Posted by: admin July 12, 2020 Leave a comment

Questions:

I am writing a calendar/scheduling app in PHP. Right now I take the day of the week you want the event to occur on and the time. I also ask for the timezone and adjust accordingly to get the event time in GMT.

Then I store that time as an offset from midnight of the day of the show. This is fine and works great, but what happens when I hit daylight savings time? I’m not sure what to do when that happens. The other problem is that not all countries have DST so I’m kind of in a bind there.

I am displaying these events on a calendar, so timing is important.

How to&Answers:

Dealing with DST is a real pain.

For future events you should store the location and the local time when the event is to occur, not the GMT time. This is because sometimes governments change when DST starts and stops (it just happened last year in the US) and the events then shift in GMT, but not in local time.

Then if you need to notify when the event is occurring, every day collect the events for the next 24-48 hrs and convert their times to GMT then. To do that, you need a location-timezone database like this one. Get the GMT offset for each location at the time of the event and use that to convert the time to GMT, then you know exactly when the event will occur.

Answer:

I think you are on the right track with GMT (UTC). Use UTC as your canonical timestamp representation whenever you have some event that occurs (or has occurred) at a specific point-in-time. UTC is unaffected by DST rules, so it serves as a great, unambiguous point-in-time representation.

Once you have a strategy for unambiguous representation of the event date/time, then you can pretty easily solve the problem of localizing date/times based on what time zone makes the most sense to accept from your users (or display to them).
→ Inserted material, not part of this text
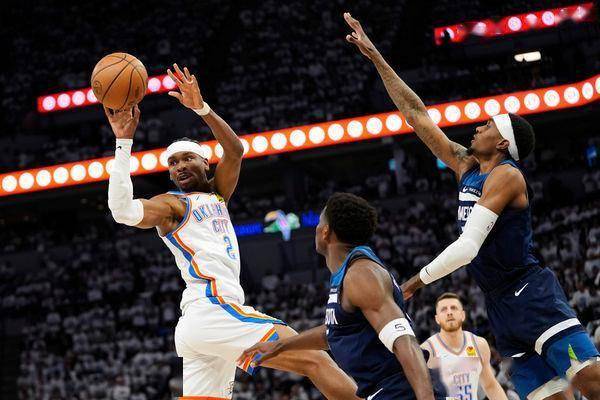 包含这也行?俄克拉荷马雷霆临场应变备战NBA总决赛清晨孟菲斯灰熊备战CBA常规赛,Uzi在独行侠比赛中大比分领先的词条 包含这也行?俄克拉荷马雷霆临场应变备战NBA总决赛清晨孟菲斯灰熊备战CBA常规赛,Uzi在独行侠比赛中大比分领先的词条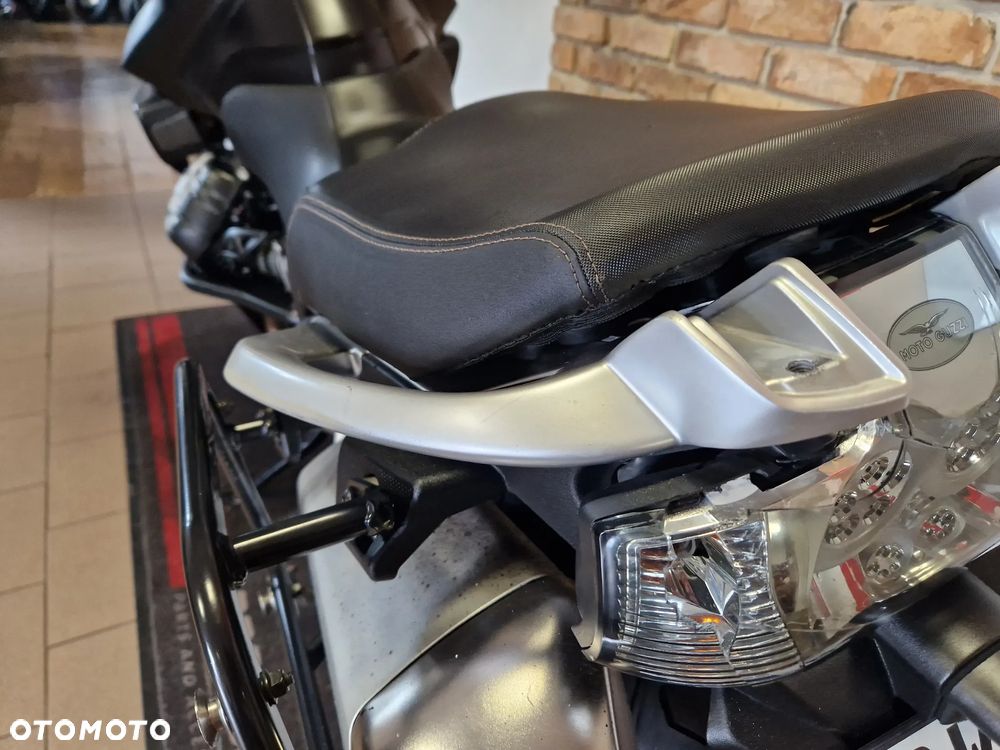 Moto Guzzi Stelvio - 27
You probably need to know and store the time zone of the event as well, but, because you’re storing the actual event date/time in UTC, you can pretty easily localize it to the time zone of the user if that is more relevant to them in any given use case.

This localization is usually performed with a time zone library either provided by your SDK (e.g. Java has java.util.Calendar) or as a third party extension (e.g. Python has pytz). I’m sure PHP has an equivalent, but I’m not as familiar with its libraries.

These libraries are usually built on top of a rules database such as the Olson Zoneinfo DB. These rules can change quite frequently, so you have to stay on top of updates to the underlying database, especially if you are developing a truly global application. However, they do a good job of externalizing the esoteric, nebulous time zone rules so that you can (in theory) update the rules database without have to perform a major upgrade of your runtime environment or make significant code changes when the DST rules in a particular area change.

It’s not the easiest problem in the world and stinks that we have to do it, but once you’ve done it a couple times and grok the separation of concerns between storing exact point-in-time representation vs. the concern of localization, then it becomes second nature.

Answer:

Why not pass the responsibility to the users. I assume they need to be registered in order to use the application.

Just have them say in their profile what’s their time offset. Like GMT + 2, GMT – 8, etc. They would know when their DST settings changed and update their profile accordingly.

Of course, this depends on your user base. They may accept the approach or not.